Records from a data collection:
==================================================
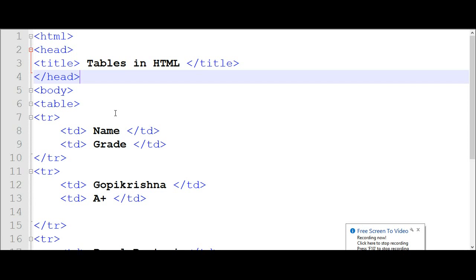Hello friends, now we will see the tables in HTML. First we will see why we use tables in HTML. Generally we want to create some mark sheet or some type of data to store as a form of a table, so we are using tables in HTML.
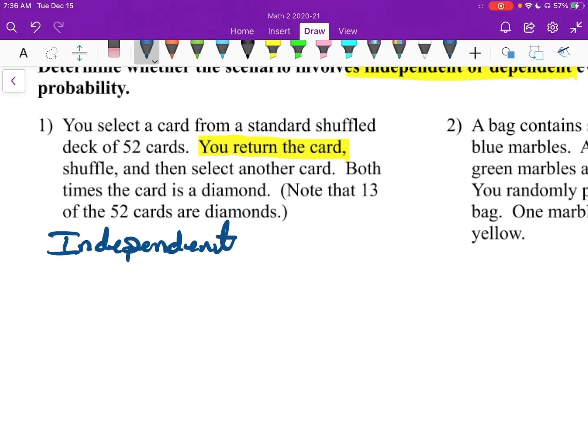Because if you were to take that card and rip it up, and then select another card, they would be dependent because you would have 51 cards in the second trial. So we've taken care of that part.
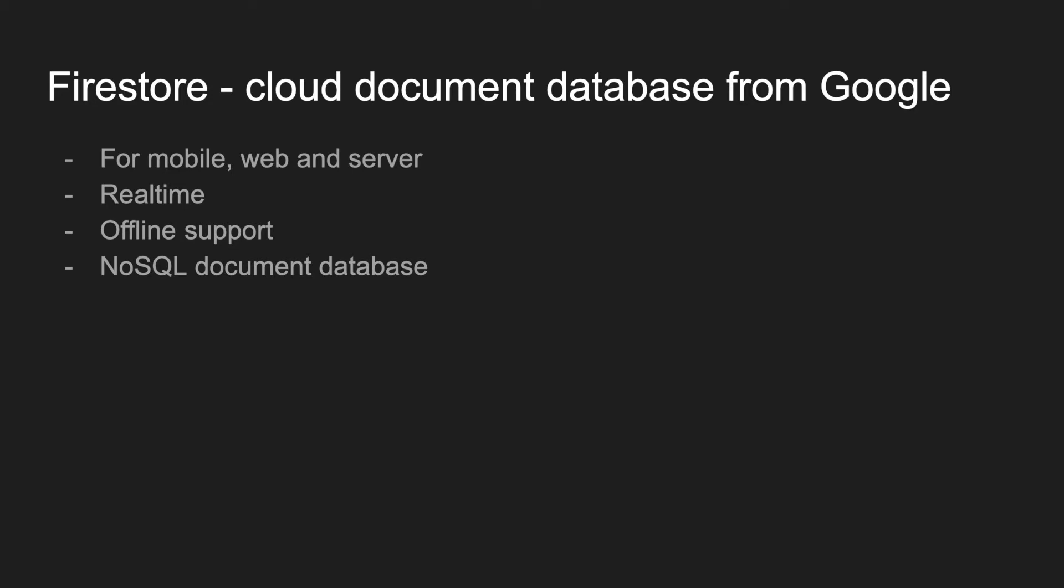mobile, web, and server. It is real-time, meaning you can synchronize your data in real time across multiple devices. It has offline support, meaning you can store data even without an internet connection, and the data will be synchronized to the server once you have the connection. It is a NoSQL document database.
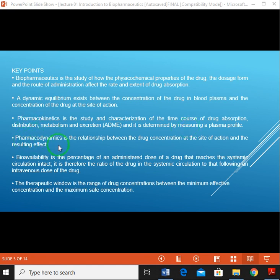Pharmacodynamics is the relationship between the drug concentration at the site of action and the resulting effect. There is some difference between pharmacokinetics and pharmacodynamics — I will explain this in detail in further slides.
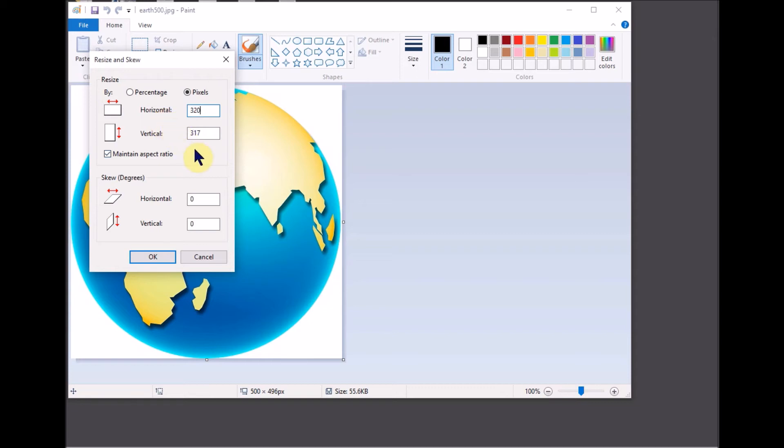Notice that the vertical value also changes because the maintain aspect ratio checkbox is checked. You'll most likely want to use this option to prevent stretching or flattening of your image.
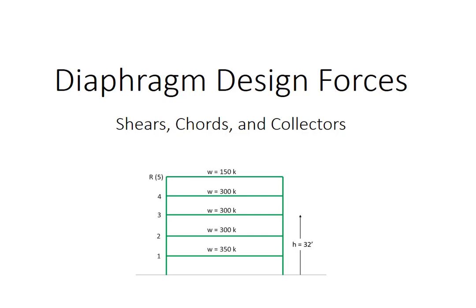In this video, we'll see how to calculate the diaphragm design forces. These are the forces that we use to design the shears, the chord forces, and the collector forces in diaphragms.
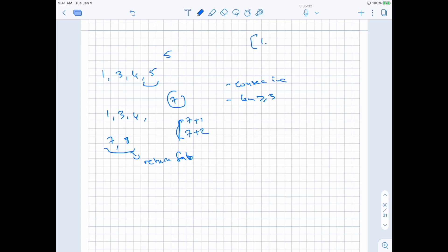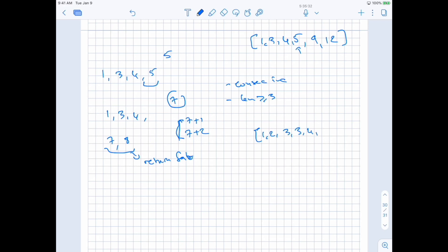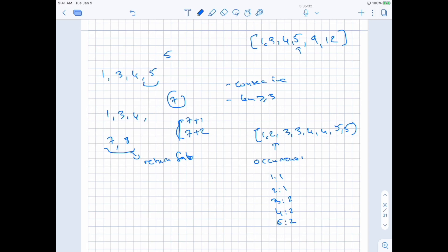Let's say we have an array like 1, 3, 4, 5, 9, 12. Since elements can repeat — for example 1, 2, 3, 3, 4, 4, 5, 5 — we want to use each element as many times as it appears. This means we need an occurrences map tracking the count of each element: 1 occurs once, 2 once, 3 twice, 4 twice, 5 twice, and so on.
==================================================
--- Exercise aim ---
Only the lines from the beginning of the records up to and including the line with "Pharmacodynamics is the" should appear, exactly as they are, and no pictures.

--- Answer to this problem ---
Hello friends, now we will see the tables in HTML. First we will see why we use tables in HTML. Generally we want to create some mark sheet or some type of data to store as a form of a table, so we are using tables in HTML.
Because if you were to take that card and rip it up, and then select another card, they would be dependent because you would have 51 cards in the second trial. So we've taken care of that part.
mobile, web, and server. It is real-time, meaning you can synchronize your data in real time across multiple devices. It has offline support, meaning you can store data even without an internet connection, and the data will be synchronized to the server once you have the connection. It is a NoSQL document database.
Pharmacodynamics is the relationship between the drug concentration at the site of action and the resulting effect. There is some difference between pharmacokinetics and pharmacodynamics — I will explain this in detail in further slides.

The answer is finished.